What The Validator Already Covers

Current Phase 5 coverage includes:

  • missing content type overrides
  • orphan relationships
  • missing worksheet targets
  • out-of-range style indices
  • broken table refs and duplicate table names
  • worksheet dimension mismatches
  • invalid hyperlink refs
  • invalid data validation ranges
  • overlapping merges
  • clearly broken defined names

Run Conservative Repair

Repair is intentionally conservative. The goal is to salvage common workbook damage without quietly changing business meaning.

TYPESCRIPT
import fs from "node:fs/promises";
import { SpreadsheetEngine } from "@paperjsx/json-to-xlsx";

const broken = await fs.readFile("broken-report.xlsx");
const result = await SpreadsheetEngine.repair(broken);

await fs.writeFile("broken-report.repaired.xlsx", result.buffer);
console.log(result.actions);

Repairs currently include:

  • rebuilding [Content_Types].xml
  • removing orphan relationships
  • clamping invalid style indices
  • clipping invalid table refs
  • recalculating worksheet dimensions
  • removing invalid hyperlinks
  • clipping data validation ranges
  • clipping invalid merges and removing later overlaps deterministically
  • removing clearly broken defined names
  • stripping unsafe artifacts like macros, external links, and embeddings

Download Validation Samples

Validate, Repair, Revalidate

For incident handling and support flows, use the full orchestration path:

TYPESCRIPT
const result = await SpreadsheetEngine.validateAndRepair(buffer);

console.log(result.original.verdict);
console.log(result.repair.actions);
console.log(result.repaired.verdict);

This gives you:

  • the original verdict
  • the applied repair actions
  • the repaired workbook buffer
  • the repaired verdict after revalidation

Preflight Before Large Renders

Preflight is for document-level risk before you render:

TYPESCRIPT
const report = SpreadsheetEngine.preflight(workbook, {
  stringStrategy: "auto",
});

console.log(report.verdict);
console.log(report.renderModeRecommendation);
console.log(report.findings);

That is useful when you want early warnings about:

  • large file pressure
  • high unique-string pressure
  • excessive style cardinality
  • cross-app import risks

Operational Guidance

Use validateDocument(...) when you want schema safety before render.
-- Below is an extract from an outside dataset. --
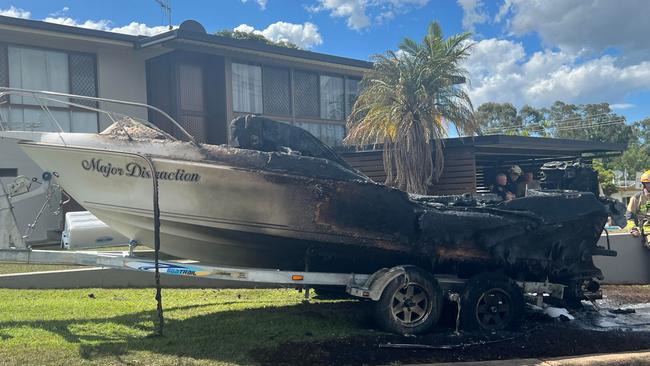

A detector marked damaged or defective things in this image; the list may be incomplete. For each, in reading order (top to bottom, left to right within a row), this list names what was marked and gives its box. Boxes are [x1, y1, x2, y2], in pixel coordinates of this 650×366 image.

burnt boat [0, 90, 616, 288]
Use preflight(...) when you want to estimate size, memory pressure, or cross-app risk before render.

Use validate(buffer) when you want to inspect finished .xlsx output.

Use repair(buffer) when you need a conservative salvage pass.

Use validateAndRepair(buffer) when you need a support-ready incident workflow with explicit before/after state.

If you want a sample pack instead of starting from a broken customer file, use Examples & Downloads.

Known Limits

The repair engine is not trying to “fix anything no matter what.” That is intentional.

Still-active follow-up work includes:

  • shared string recovery
  • minimal styles.xml regeneration when missing
  • workbook protection coherence checks
  • drawing relationship integrity repair
  • broader extension-list compatibility warnings

If a workbook is badly damaged beyond the conservative rule set, the correct behavior is a structured error or a remaining finding, not silent corruption.